News and Notes

A Newsletter for Faculty and Staff of Idaho State University

April 8, 2013 — Vol. 29 No. 13

ISU Researcher Published in Proceedings of the National Academy of Sciences

Heather L. Ramsdell

Idaho State University speech-language pathologist Heather L. Ramsdell and colleagues from several universities have published an article that offers clues to the first steps in the evolution of human language.

The article, titled "Functional Flexibility of Infant Vocalization and the Emergence of Language," is available April 1 in the online edition of Proceedings of the National Academy of Sciences, one of the most prestigious scientific journals in the world.

Researchers have collected data that shows human infants, by three months of age, make sounds that may reveal deep roots of human language, hinting at a very distant break from our primate relatives, according to lead author D. Kimbrough Oller, Ph.D., a professor in the University of Memphis School of Communication Sciences and Disorders.

"By evaluating these very early characteristics of infant vocalizations and their expressions of emotion, we may be able to discern markers of anomalies in development, such as autism," he said.

Ramsdell, Ph.D., an assistant professor in ISU's Department of Communication Sciences and Disorders, was instrumental in gathering and analyzing infant vocalizations for the study while completing her doctorate at U of M in 2009.

She notes that humans have the ability to produce "flexible" vocalizations. "We can produce them to mean what we want them to mean, with any possible emotional expression, for example happy or sad," she said.

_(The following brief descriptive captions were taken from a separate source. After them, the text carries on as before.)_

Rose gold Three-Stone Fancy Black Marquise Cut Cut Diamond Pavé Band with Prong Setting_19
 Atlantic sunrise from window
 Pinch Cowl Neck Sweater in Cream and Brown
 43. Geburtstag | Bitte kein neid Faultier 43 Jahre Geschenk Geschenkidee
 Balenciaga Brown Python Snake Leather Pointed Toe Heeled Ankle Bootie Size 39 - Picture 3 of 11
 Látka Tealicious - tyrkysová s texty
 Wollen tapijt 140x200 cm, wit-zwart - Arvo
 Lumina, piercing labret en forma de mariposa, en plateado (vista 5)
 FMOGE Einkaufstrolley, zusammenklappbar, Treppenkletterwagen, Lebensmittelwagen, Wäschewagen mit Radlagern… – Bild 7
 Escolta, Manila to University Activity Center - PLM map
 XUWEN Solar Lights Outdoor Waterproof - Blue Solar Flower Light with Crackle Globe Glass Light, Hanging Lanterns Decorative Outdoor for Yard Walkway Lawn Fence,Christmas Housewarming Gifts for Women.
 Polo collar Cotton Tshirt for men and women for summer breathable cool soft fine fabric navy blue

The article claims that the first vocal changes that occurred as humans evolved away from their primate background on the way to language did not involve producing sentences or words, but instead involved primitive sounds expressing flexible functions and intentions.

"Key answers about where language came from may be found in the human infant's voice and face, in the first free vocal expressions of joy and pain and in the peaceful vocal expressions of comfort," said Oller.

"By three months of age, the human infant can already attach various states of emotion (as seen through facial expressions) to squealing, growling, and cooing, with each of these sound types connected to different emotions on different occasions," he continued.

The article demonstrates the vast difference in the first months of life between infants' crying and laughter, which have fixed emotional functions similar to those often seen in nonhuman primates, as opposed to the human infant sounds that can be used with flexible functions (squealing, growling and cooing) that appear to be absent in nonhumans.

The authors point out that language could not exist without the sort of freedom of vocal expression found in the very young human infant, because all aspects of language are dependent upon flexibility of the usage of vocalizations.

The authors argue that as the evolution of language began, it was necessary for it to start with primitive beginnings, similar to primitive baby talk.

Other researchers are from the Milwaukee School of Engineering, Georgia State University and University of California, Merced.